Patient disposition. The patients with on‐treatment systolic blood pressures (SBPs) >110 mm Hg were divided into diabetic and nondiabetic cohorts and then further divided into four subgroup categories based on achieved SBPs. * indicates mmHg.
Patient Characteristics
The characteristics of the study patients at baseline are shown in Table 1. Because of the large cohort sizes, even small differences between the diabetic and nondiabetic patients were statistically significant. However, the prevalence of myocardial infarction, coronary disease, and stroke were all clearly higher in the nondiabetic group, whereas fasting blood glucose and body mass index were higher in the diabetes group. The baseline BPs in the two study cohorts were closely similar.
Table 1.
Baseline Characteristics of Patients With and Without Diabetes
| Category | Patients With Diabetes | Patients Without Diabetes |
|---|---|---|
| Number | 6459 | 4246 |
| Age, mean (SD), y | 67.4 (6.6)a | 69.7 (6.9) |
| Men, No. (%) | 3712 (57.5)a | 2817 (66.3) |
| Previous coronary disease, No. (%) | 1849 (28.6)a | 3068 (72.3) |
| Previous myocardial infarction, No. (%) | 943 (14.6)a | 1560 (36.7) |
| History of stroke, No. (%) | 514 (8.0)a | 878 (20.7) |
| Chronic kidney disease (eGFR <60 mL/min), No. (%) | 1105 (17.1)a | 801 (18.9) |
| eGFR, mean (SD), mL/min | 80.7 (22.1)a | 76.5 (19.5) |
| Fasting blood glucose, mean (SD), mg/dL | 144.7 (57.2)a | 101.1 (17.1) |
| Body mass index, mean (SD), kg/m2 | 32.2 (6.4)a | 29.0 (5.3) |
| Systolic BP, mean (SD), mm Hg | 145.7 (17.8) | 146.1 (18.4) |
| Diastolic BP, mean (SD), mm Hg | 79.5 (10.6)a | 81.3 (10.8) |
Abbreviations: BP, blood pressure; eGFR, estimated glomerular filtration rate; SD, standard deviation. aSignificant difference between the two groups.
Achieved BPs
The mean systolic and diastolic BPs in the uncontrolled BP group (≥140mm Hg) and for each of the 10 mm Hg SBP strata below 140 mm Hg are shown in Table 2. The BP values in the diabetes and nondiabetes cohorts were similar within each of the BP categories.
Table 2.
Systolic and Diastolic BPs in Each of the Four Categories of Increased Systolic BP in Patients With or Without Diabetes
| Systolic BP Groups, mm Hg | ||||
|---|---|---|---|---|
| 110 to <120 | 120 to <130 | 130 to <140 | >140 | |
| Patients with diabetes | ||||
| Systolic BP | 116.3 (2.7) | 125.5 (2.8) | 134.4 (2.8) | 150.4 (9.7) |
| Diastolic BP | 67.8 (5.8) | 71.5 (6.3) | 74.1 (6.8) | 78.1 (8.7) |
| Patients without diabetes | ||||
| Systolic BP | 116.3 (2.8) | 125.5 (2.8) | 134.6 (2.8) | 149.8 (9.3) |
| Diastolic BP | 69.5 (6.1) | 73.1 (6.3) | 76.1 (6.9) | 79.8 (8.7) |
Abbreviation: BP, blood pressure.
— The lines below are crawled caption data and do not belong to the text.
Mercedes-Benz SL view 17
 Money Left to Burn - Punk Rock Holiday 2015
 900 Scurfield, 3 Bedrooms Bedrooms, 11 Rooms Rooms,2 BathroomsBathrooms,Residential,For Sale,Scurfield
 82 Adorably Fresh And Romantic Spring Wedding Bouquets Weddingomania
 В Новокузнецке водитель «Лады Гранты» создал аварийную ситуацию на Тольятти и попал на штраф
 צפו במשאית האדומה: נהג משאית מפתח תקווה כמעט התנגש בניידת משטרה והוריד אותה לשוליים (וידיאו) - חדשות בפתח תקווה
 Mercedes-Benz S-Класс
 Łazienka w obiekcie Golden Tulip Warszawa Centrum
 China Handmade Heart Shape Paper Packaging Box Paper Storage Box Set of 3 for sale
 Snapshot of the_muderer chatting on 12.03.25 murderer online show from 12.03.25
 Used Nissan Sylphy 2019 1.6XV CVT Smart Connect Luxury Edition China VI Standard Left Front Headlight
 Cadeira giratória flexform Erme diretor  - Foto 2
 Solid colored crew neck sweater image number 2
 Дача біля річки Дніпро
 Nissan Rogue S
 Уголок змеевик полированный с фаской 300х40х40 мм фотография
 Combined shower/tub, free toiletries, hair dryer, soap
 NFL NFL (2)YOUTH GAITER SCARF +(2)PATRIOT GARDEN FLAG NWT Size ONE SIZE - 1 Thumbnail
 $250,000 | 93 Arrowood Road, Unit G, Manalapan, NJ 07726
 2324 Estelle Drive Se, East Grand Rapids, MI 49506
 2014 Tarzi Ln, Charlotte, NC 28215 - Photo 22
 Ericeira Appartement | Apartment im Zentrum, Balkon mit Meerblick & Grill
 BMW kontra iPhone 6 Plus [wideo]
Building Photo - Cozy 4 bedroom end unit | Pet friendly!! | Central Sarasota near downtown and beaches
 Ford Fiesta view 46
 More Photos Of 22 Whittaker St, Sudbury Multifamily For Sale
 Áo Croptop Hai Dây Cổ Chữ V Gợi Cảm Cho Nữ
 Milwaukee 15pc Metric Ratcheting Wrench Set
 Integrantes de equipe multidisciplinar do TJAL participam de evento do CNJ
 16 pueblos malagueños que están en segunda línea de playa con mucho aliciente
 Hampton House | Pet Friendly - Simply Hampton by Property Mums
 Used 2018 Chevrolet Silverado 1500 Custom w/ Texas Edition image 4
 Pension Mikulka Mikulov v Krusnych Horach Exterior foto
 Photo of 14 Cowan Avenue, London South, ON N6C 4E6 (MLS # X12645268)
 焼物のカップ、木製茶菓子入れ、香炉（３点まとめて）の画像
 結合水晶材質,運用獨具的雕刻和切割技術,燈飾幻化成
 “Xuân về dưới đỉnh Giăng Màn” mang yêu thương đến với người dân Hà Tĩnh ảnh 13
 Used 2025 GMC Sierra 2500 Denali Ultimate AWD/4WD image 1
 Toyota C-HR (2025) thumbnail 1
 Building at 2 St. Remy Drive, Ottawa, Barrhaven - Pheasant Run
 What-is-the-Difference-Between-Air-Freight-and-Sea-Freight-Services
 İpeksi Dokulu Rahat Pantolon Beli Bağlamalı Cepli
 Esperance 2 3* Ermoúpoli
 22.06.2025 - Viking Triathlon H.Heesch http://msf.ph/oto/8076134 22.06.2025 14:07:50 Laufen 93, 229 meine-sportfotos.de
Values are expressed as means (standard deviations).
Achieved BPs and Clinical Outcomes
Comparisons of event rates for CV, stroke, and renal outcomes between patients with SBP ≥140 mm Hg and each of the three achieved 10 mm Hg SBP strata below 140 mm Hg (<140 mm Hg, <130 mm Hg, and <120 mm Hg) are shown in Figure 2 for diabetic patients and Figure 3 for nondiabetic patients.
Figure 2.
Comparison in diabetic patients of event rates from major cardiovascular, stroke, and renal endpoints between patients in the achieved systolic blood pressure (SBP) group >140 mm Hg and each of the other SBP categories. HR indicates hazard ratio; CI, confidence interval; BP, blood pressure; CV, cardiovascular; MI, myocardial infarction.
Figure 3.
Comparison in nondiabetic patients of event rates from major cardiovascular, stroke, and renal endpoints between patients in the achieved systolic blood pressure (SBP) group >140 mm Hg and each of the other SBP categories. HR indicates hazard ratio; CI, confidence interval; BP, blood pressure; CV, cardiovascular; MI, myocardial infarction.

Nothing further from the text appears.